To qualify for benefits under the act’s “safe leave” provision, an individual must be using the leave from work to: (1) “seek a civil protection order”; (2) obtain medical care or mental health counseling for the individual or a family member “resulting from the act of domestic violence, stalking, or sexual assault or abuse”; (3) “mak[e] his or her home secure from the perpetrator”; or (4) “seek legal assistance to address issues arising from the act of domestic violence, stalking, or sexual assault or abuse.”
A covered individual could receive up to 12 weeks of paid family or medical leave under the act. An additional four weeks of leave is allowed for pregnancy or childbirth complications. Individuals may receive 90 percent of their average weekly wages for the portion of wages that are less than or equal to 50 percent of the state average weekly wage and 50 percent of the portion of their wages that exceed 50 percent of the state average weekly wage. The maximum benefit is capped at $1,100 per week for 2024.

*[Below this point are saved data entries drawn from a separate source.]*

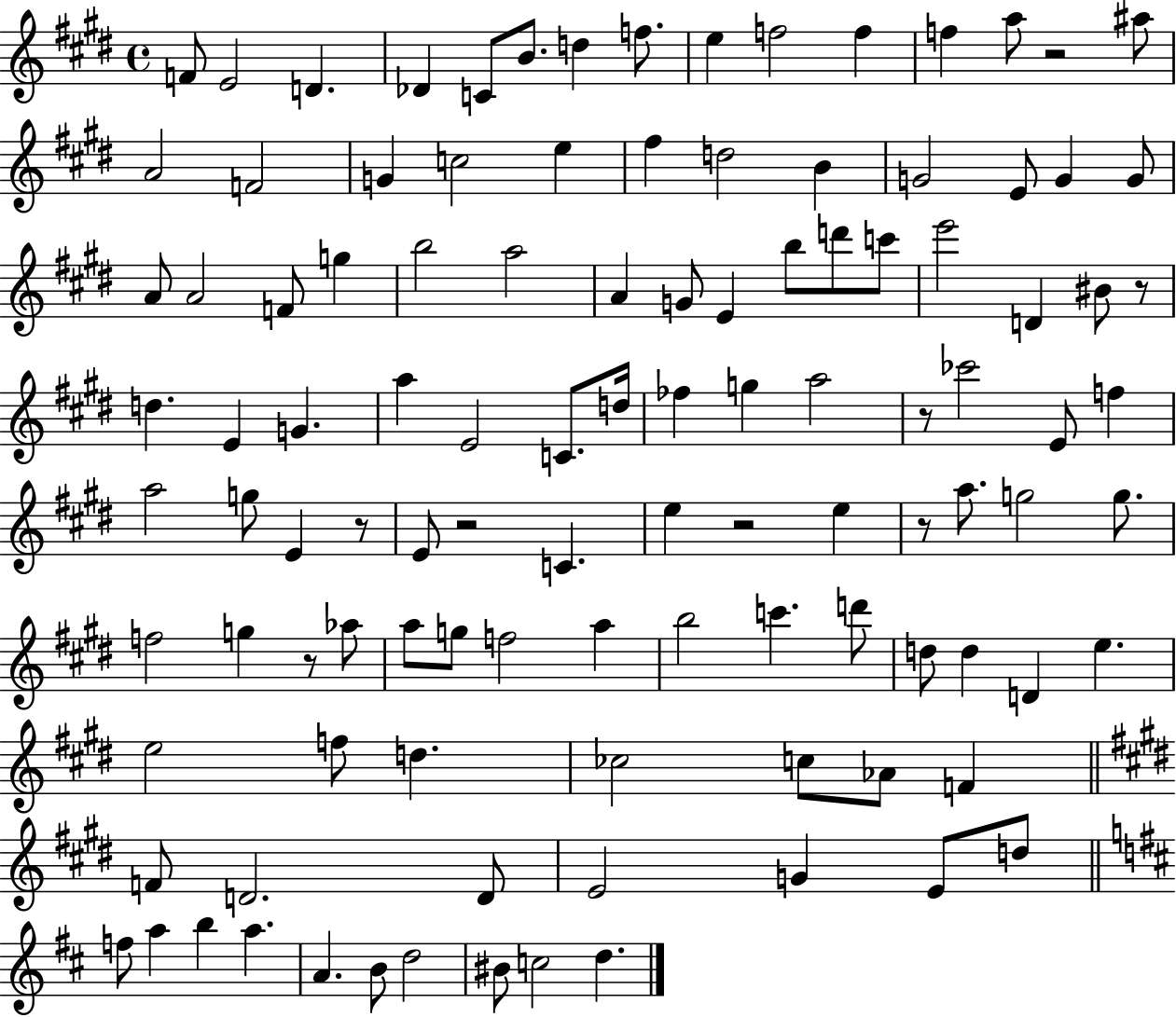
{
  \clef treble
  \time 4/4
  \defaultTimeSignature
  \key e \major
  f'8 e'2 d'4. | des'4 c'8 b'8. d''4 f''8. | e''4 f''2 f''4 | f''4 a''8 r2 ais''8 | \break a'2 f'2 | g'4 c''2 e''4 | fis''4 d''2 b'4 | g'2 e'8 g'4 g'8 | \break a'8 a'2 f'8 g''4 | b''2 a''2 | a'4 g'8 e'4 b''8 d'''8 c'''8 | e'''2 d'4 bis'8 r8 | \break d''4. e'4 g'4. | a''4 e'2 c'8. d''16 | fes''4 g''4 a''2 | r8 ces'''2 e'8 f''4 | \break a''2 g''8 e'4 r8 | e'8 r2 c'4. | e''4 r2 e''4 | r8 a''8. g''2 g''8. | \break f''2 g''4 r8 aes''8 | a''8 g''8 f''2 a''4 | b''2 c'''4. d'''8 | d''8 d''4 d'4 e''4. | \break e''2 f''8 d''4. | ces''2 c''8 aes'8 f'4 | \bar "||" \break \key e \major f'8 d'2. d'8 | e'2 g'4 e'8 d''8 | \bar "||" \break \key d \major f''8 a''4 b''4 a''4. | a'4. b'8 d''2 | bis'8 c''2 d''4. | \bar "|."
}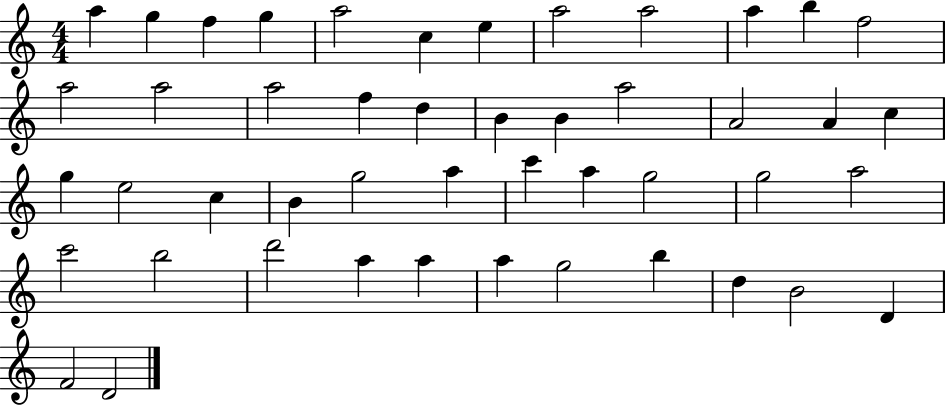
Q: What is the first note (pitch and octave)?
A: A5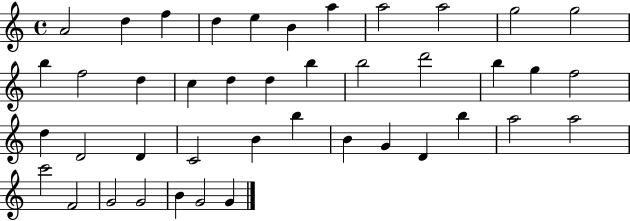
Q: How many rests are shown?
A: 0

Leave under the act will be funded through a payroll tax to be paid for by employers and employees in a 50/50 split. For 2023, the maximum annual premium is estimated to be $1,455 because premiums can only be assessed on wages up to $161,700 per person.
For the first two years of the program (2023 and 2024), the premiums will be 0.9 percent of the employee’s wage (0.45 percent to be paid by the employer and 0.45 percent to be paid by the employee). Employers can choose to pay a larger percentage of the cost up to 100 percent. Businesses with fewer than 10 employees will be exempt from paying the premiums. Premiums will be adjusted for 2025 so that the total amount of premium contributions to the program equals 135 percent of the previous year’s claims and 100 percent of the administration costs. The premium could be set up to a cap of 1.2 percent of each employee’s wages.
Under the act, employers cannot take disciplinary or retaliatory actions against employees who request or use paid leave. An employee who takes leave under the act are entitled to return to the same position or a position with the same pay, benefits, and seniority or status. Employees cannot lose their health benefits during their leave and are required to pay their portion of health insurance premiums while on leave.
Substitution of Private Plans
Employers may apply to the Division of Family and Medical Leave Insurance for approval to meet their obligations under the act through a private leave plan. In order to be approved, a private plan must confer all the same rights, protections, and benefits provided to employees under the act.